高速変動電場下で誘電体の電子状態をリアルタイムで観測――鉛を使わない強誘電体材料開発に道筋 広島大学ら

広島大学は2021年3月4日、同大大学院先進理工系科学研究科の中島伸夫准教授らが、東京工業大学、静岡大学、高エネルギー加速器研究機構、ラトビア大学の研究者と共同で、チタン酸バリウム薄膜に交流電場をかけた際に引き起こされる電子状態変化のリアルタイム観測に成功したと発表した。この観測により、チタン酸バリウム中のバリウムイオンとチタンイオンの静電相互作用を発見したという。

チタン酸バリウムは、チタン(陽イオン)と酸素(陰イオン)の原子位置が結晶格子の中で相対的に変位することで電気を蓄える特異な性質(強誘電性)を示す。しかし、チタン(Ti)と同じ陽イオンであるバリウム(Ba)については、それらがその性質にどのように寄与しているのか十分に理解されていなかった。特に外部から加えた速い電圧変化に対して、どのように元素間の結合状態が追随し、強誘電性として現れているのかが未解明だった。

研究では、チタンの電子状態をリアルタイムに新たな観点から観測を実施。KEKのフォトンファクトリーで放射光X線の特性である元素種を見分ける能力と、マイクロ秒以下で信号を処理できる回路を備えた検出器を組み合わせて測定した。

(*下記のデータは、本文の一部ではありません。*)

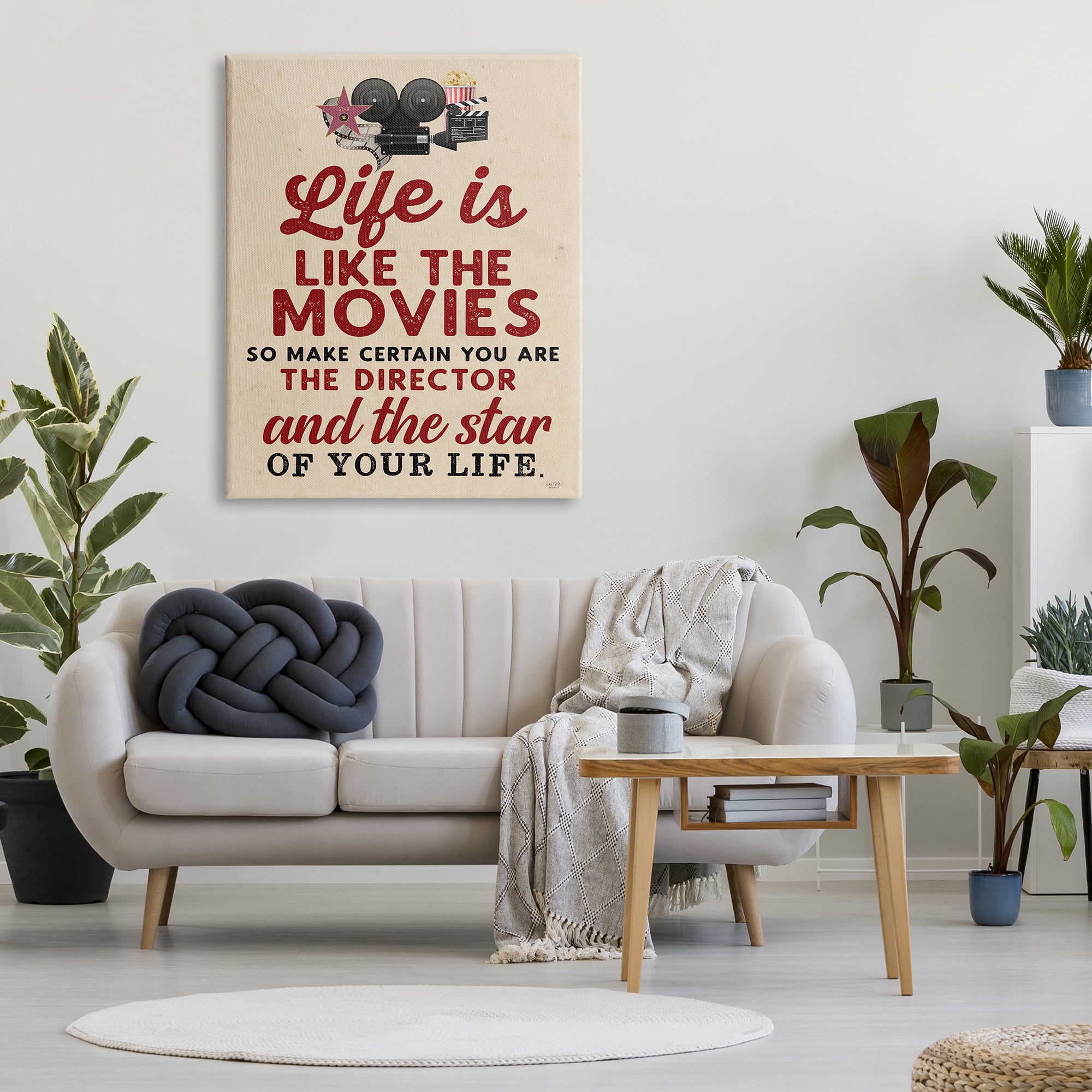 Stupell Industries Life is Like Movies Vintage Inspirational Painting Gallery Wrapped Canvas Print Wall Art, 36 x 48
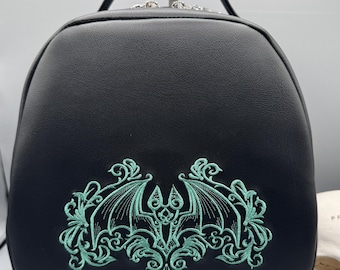 Victorian Goth Turquoise Bat, Backpack, Embroidery, Goth, Gift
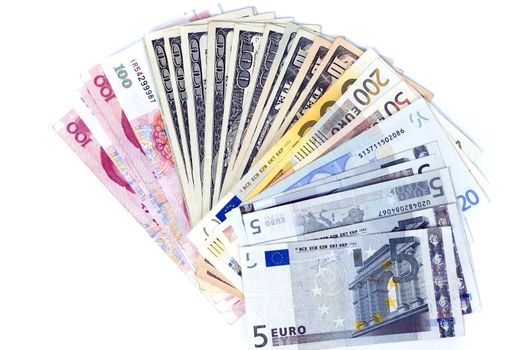RMB, dollars and euro - banknotes in shape of fan. Photo of different banknotes, money in different shapes and colors. Useful for financial, economic backgrounds.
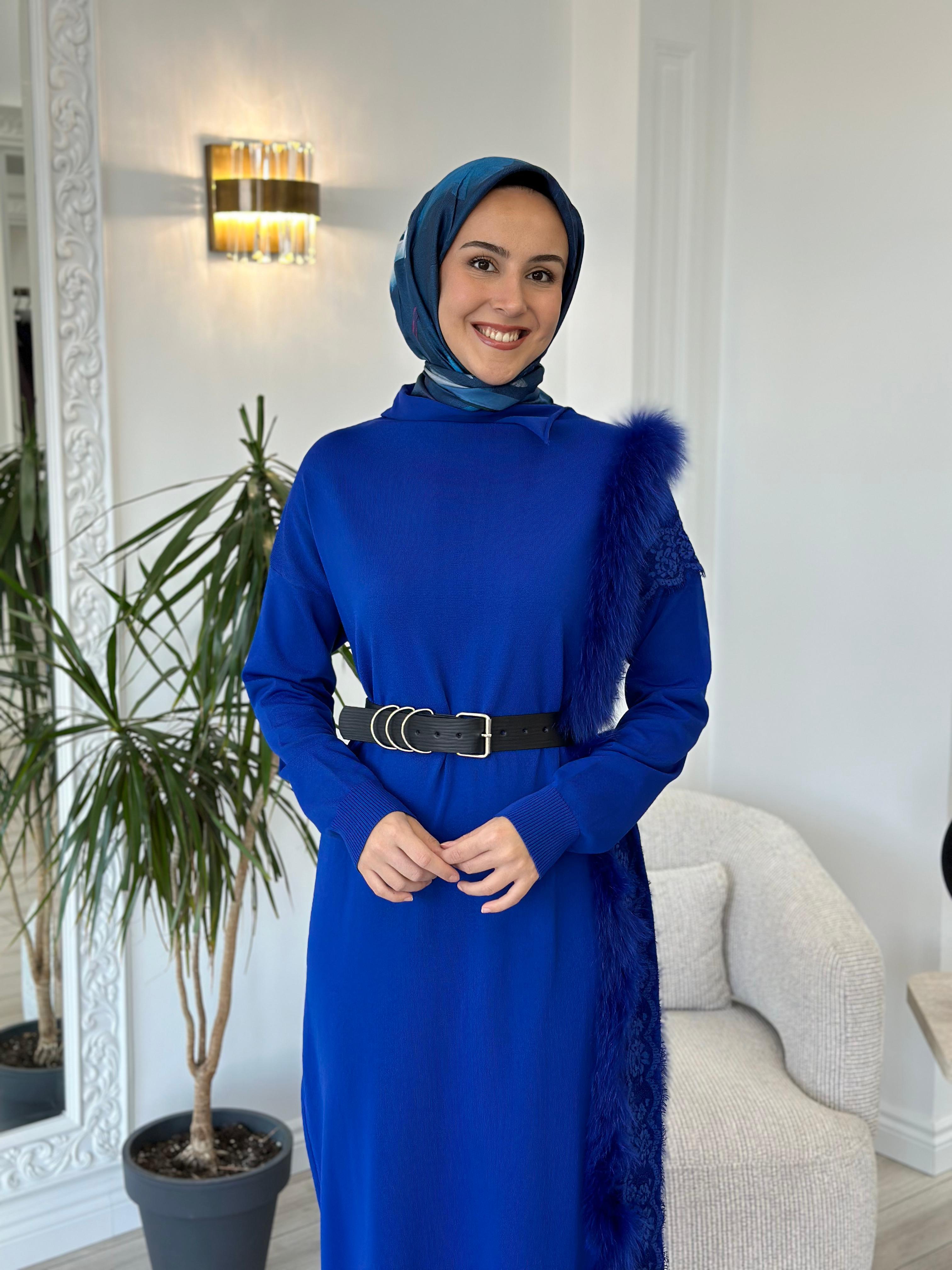 Misswhence Triko Kürklü Elbise Saks 36805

その結果、強誘電性の主役であるチタンと酸素の共有結合の強度変化に加え、電圧が変化するタイミングに合わせて、陽イオン同士であるバリウムとチタンの間に働く静電相互作用の存在とその強度変化の測定に成功した。これまで陽イオンであるバリウムは陰イオンの酸素と電子軌道が混成すると理解されていたが、この研究成果により陽イオン同士のバリウムとチタンの間にも電子相関があることが明らかになった。

広島大学は、本研究の成果により、人体に有害な鉛を含む圧電セラミックスの代替材料として期待されているチタン酸バリウムの圧電セラミックス材料としての新たな道筋が示されたという。開発したサブマイクロ秒時間分解と軟X線吸収を組み合わせた時間分解X線吸収分光法により、電場をかけた条件下の誘電体材料だけでなく、応力を加えた条件下の圧電体材料や、パルス磁場下の磁性体材料などさまざまな物質研究の有効な手法になることが期待できるとしている。